• WHAT THE TASK ASKS: Whatever precedes the line containing "On the ground, Shaw's" is not copied; that line and every line after it through the final one below are copied exactly, except pictures.

• INFORMATION SHOWN:

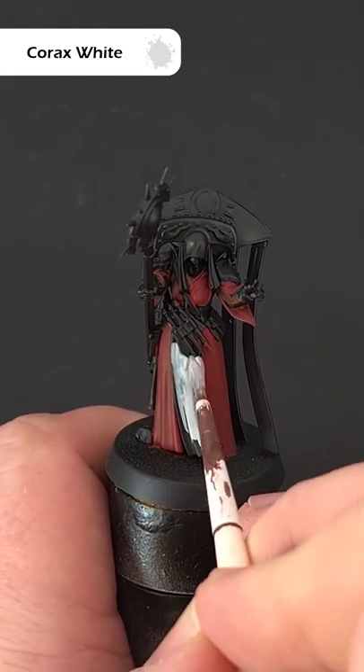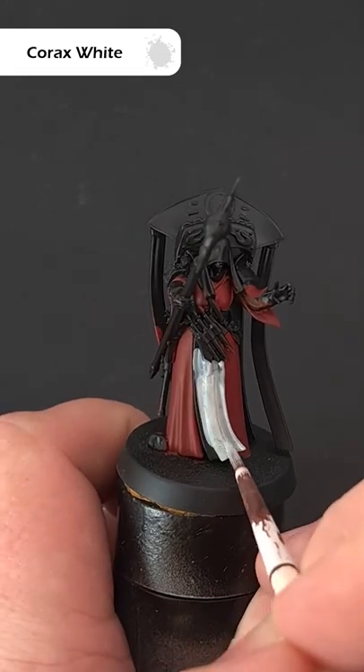First, cover the area with Corax White. Ideally you go over a white undercoat, but for this I'm going over black.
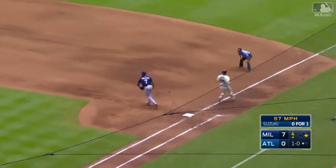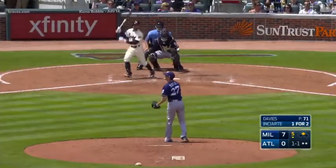On the ground, Shaw's got it, fired to second — and a double play. Who leads the league in that category, by the way?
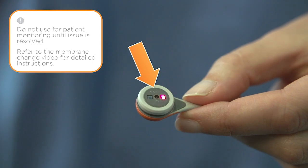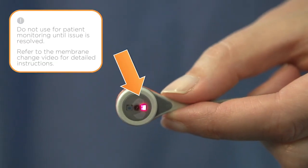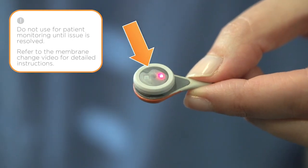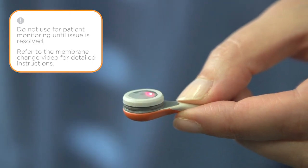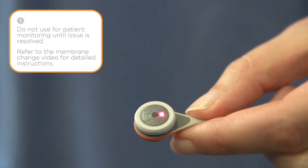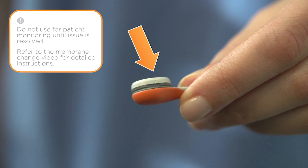If the membrane is wrinkled or torn, there are air bubbles present, the membrane has a loose fit, or the electrolyte is dried out, the membrane needs to be changed. The membrane must also be changed if there is any damage to the membrane ring.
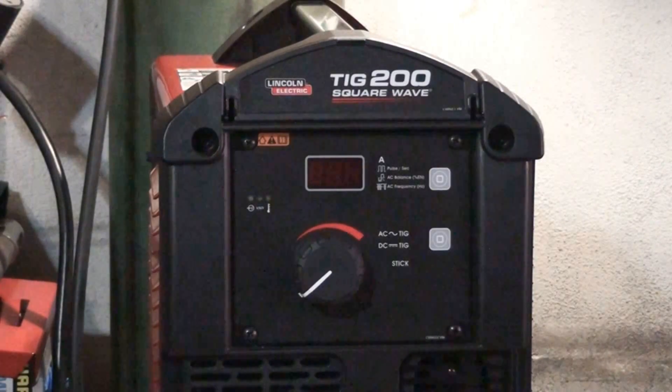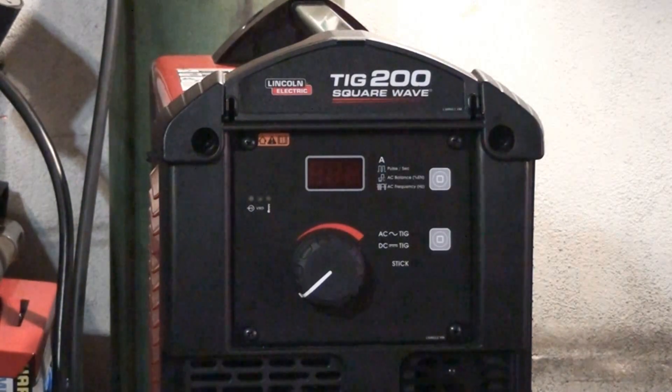In this video I'm going to be doing a demonstration of the Lincoln Electric Square Wave TIG 200. This is an AC-DC TIG welder. The maximum amperage on this machine is 200 amps. This is pretty much a demonstration just so you guys can take a look at the arc characteristics of AC and DC. So before I end up talking too much I'm just going to go ahead and get to the demonstration.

• EXERCISE ANSWER:
On the ground, Shaw's got it, fired to second — and a double play. Who leads the league in that category, by the way?
If the membrane is wrinkled or torn, there are air bubbles present, the membrane has a loose fit, or the electrolyte is dried out, the membrane needs to be changed. The membrane must also be changed if there is any damage to the membrane ring.
In this video I'm going to be doing a demonstration of the Lincoln Electric Square Wave TIG 200. This is an AC-DC TIG welder. The maximum amperage on this machine is 200 amps. This is pretty much a demonstration just so you guys can take a look at the arc characteristics of AC and DC. So before I end up talking too much I'm just going to go ahead and get to the demonstration.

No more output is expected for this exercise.